Warren Bennis was one of the many experts on leadership, for example, who turned their attention to creative teamwork. Working together with Patricia Ward Bierderman, he produced Organizing Genius: The Secrets of Creative Collaboration.

Organizing Genius

Writing in the Introduction, Warren referred to Margaret Mead, the anthropologist, who was a student of Ruth Benedict. Here is an excerpt.

This book was born forty years ago, in a conversation with Margaret Mead. Mead was already world renowned, as famous for her social activism as for her cultural anthropology.

I was a newly minted assistant professor of economics at the Massachusetts Institute of Technology. One snowy night in Cambridge, I went to hear Mead lecture at Harvard. Afterward, I introduced myself, and we talked.

I had become interested in extraordinary collaborations, the process whereby Great Groups are able to accomplish so much more than talented people working alone.

I told Mead that I was interested in writing a book on how networks of gifted people have changed the world.

“That’s a wonderful idea,” Mead said, “especially since it’s never been done before. You should call it Sapiential Circles.”

Sapiential Circles was a term Mead used to describe how groups generate knowledge within their own community. The larger the group, the more knowledge is shared. Warren Bennis continues:

It would be decades before I completed that book on creative collaboration. During the intervening years, I became fascinated with leadership in its many forms and styles.

I interviewed hundreds of leaders in dozens of disciplines, trying to pinpoint the attitudes and behaviors that allow some leaders to succeed while others fail.

The more I learned, the more I realized that the usual way of looking at groups and leadership, as separate phenomena, was no longer adequate.

The most exciting groups – the ones, like those chronicled in this book, that shook the world – resulted from a mutually respectful marriage between an able leader and an assemblage of extraordinary people.

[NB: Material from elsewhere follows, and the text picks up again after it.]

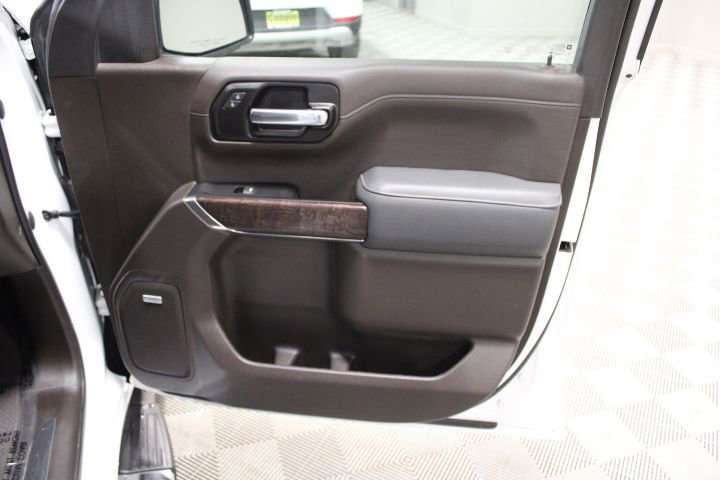 Used 2022 GMC Sierra 1500 Denali w/ Driver Alert Package II AWD/4WD image 25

Groups become great only when everyone in them, leaders and members alike, is free to do his or her absolute best.

This book is about organizing gifted people in ways that allow them both to achieve great things and to experience the joy and personal transformation that such accomplishment brings.

In today’s Darwinian economy, only organizations that find ways to tap the creativity of their members are likely to survive.

Today it is commonplace for business leaders in charge of a takeover to say: “We are aiming to get synergies.” What they often mean, of course, is that they are aiming to make more money.

Warren Bennis and many others have studied how people can combine their talents to create synergy and perform great work.